Salah satu kebahagiaan yang akan diperoleh rakyat adalah adalah apabila pemimpinnya dapat menunjukkan kasih sayang kepada mereka. Usman bin Affan merupakan diantara khalifah yang dapat menunjukkan kasih sayang itu.
Sejarah mencatat bahwa Usman dikurniakan usia yang panjang, yakni 80 tahun. Pada masa tua dan keadaan fiziknya yang sudah lemah, seringkali ia memerlukan bantuan pelayannya, termasuk mengambil air untuk berwudhu, khususnya pada malam hari yang gelap dan dingin.
Ketika tengah malam Usman terbangun untuk melaksanakan solat tahajud, biasanya pembantunya mengambilkan air untuk berwudhu.

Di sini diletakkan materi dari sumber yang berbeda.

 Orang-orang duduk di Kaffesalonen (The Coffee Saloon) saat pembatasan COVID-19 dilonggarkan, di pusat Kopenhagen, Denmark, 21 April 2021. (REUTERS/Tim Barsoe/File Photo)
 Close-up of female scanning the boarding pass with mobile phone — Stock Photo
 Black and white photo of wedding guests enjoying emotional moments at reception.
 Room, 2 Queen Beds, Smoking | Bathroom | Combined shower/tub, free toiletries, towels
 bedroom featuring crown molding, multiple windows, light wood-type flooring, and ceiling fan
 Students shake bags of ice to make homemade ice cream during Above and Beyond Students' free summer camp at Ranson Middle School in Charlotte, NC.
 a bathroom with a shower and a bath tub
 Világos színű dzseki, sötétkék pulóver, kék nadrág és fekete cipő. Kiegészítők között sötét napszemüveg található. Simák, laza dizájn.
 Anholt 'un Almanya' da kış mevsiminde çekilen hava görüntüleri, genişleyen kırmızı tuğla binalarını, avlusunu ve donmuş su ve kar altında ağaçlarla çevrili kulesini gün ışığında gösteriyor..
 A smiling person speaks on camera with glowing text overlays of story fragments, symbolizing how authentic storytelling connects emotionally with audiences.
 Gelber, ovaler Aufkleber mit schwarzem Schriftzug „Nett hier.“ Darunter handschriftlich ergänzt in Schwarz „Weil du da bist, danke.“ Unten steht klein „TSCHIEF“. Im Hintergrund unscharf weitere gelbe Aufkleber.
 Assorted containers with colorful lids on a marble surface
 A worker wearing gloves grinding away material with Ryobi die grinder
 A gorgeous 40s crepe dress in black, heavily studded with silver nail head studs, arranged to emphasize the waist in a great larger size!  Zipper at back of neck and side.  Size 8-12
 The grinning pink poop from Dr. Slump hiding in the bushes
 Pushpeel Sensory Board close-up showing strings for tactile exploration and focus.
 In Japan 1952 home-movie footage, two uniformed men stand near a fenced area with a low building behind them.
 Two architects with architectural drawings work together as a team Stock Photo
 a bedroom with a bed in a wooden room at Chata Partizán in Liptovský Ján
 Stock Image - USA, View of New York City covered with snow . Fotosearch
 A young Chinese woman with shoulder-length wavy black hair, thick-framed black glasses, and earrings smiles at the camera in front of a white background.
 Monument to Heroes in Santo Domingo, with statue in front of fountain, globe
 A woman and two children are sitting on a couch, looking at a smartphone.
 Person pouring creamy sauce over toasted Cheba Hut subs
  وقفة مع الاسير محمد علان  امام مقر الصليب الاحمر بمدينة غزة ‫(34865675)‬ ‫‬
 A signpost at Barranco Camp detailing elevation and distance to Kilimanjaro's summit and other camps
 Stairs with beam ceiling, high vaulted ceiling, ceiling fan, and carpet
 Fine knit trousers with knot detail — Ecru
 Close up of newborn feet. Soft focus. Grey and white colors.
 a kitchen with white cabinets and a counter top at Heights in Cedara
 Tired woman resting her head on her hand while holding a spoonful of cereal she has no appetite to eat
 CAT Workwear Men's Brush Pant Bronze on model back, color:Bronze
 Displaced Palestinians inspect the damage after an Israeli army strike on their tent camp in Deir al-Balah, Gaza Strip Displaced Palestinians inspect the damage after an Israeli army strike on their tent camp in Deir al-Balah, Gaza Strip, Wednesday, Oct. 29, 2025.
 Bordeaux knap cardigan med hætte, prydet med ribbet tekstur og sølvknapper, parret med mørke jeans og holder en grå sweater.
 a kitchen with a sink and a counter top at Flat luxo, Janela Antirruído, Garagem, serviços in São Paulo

Namun, saat itu, ia tidak sanggup untuk membangunkan pembantu yang sedang tidur nyenyak. Maka, dengan susah payah ia berusaha mengambil sendiri air untuk berwudhu itu. Ini merupakan contoh nyata dan jelas bagaimana Usman amat sayang kepada rakyatnya.
Pada masa Khalifah Usman ini, peristiwa berat yang dialaminya adalah pemberontakan yang dilakukan oleh masyarakat. Bukan karena ia pemimpin yang tidak baik, melainkan memang rakyatnya yang ingin mengacaukan situasi yang tenang.
Ketika pemberontak itu hendak membunuh Usman, ternyata ia tidak menuntut adanya perlindungan dari sahabat. la tidak mau kebebasannya harus ditebus dengan cucuran darah seorang Muslim yang tidak bersalah.
Zaid bin Tsabit berhasil masuk ke rumah Usman meskipun rumahnya telah dikepung para pemberontak. Kepada Khalifah Usman, Zaid berkata, “Mereka (orang-orang Anshar) sedang menunggu di muka pintu, jika engkau menghendaki kami bersedia menjadi anshar (pembela) untuk kedua kalinya.”
Sifat penyayangnya kepada rakyat membuat ia berkata, “Kalau untuk berperang aku tidak mau.”
Maka, kepada sahabat yang berkumpul untuk menghadapi pemberontakan, ia berseru: “Sesungguhnya, orang yang amat aku perlukan di antara kalian sekarang ini adalah orang yang dapat menahan tangan dan senjatanya.”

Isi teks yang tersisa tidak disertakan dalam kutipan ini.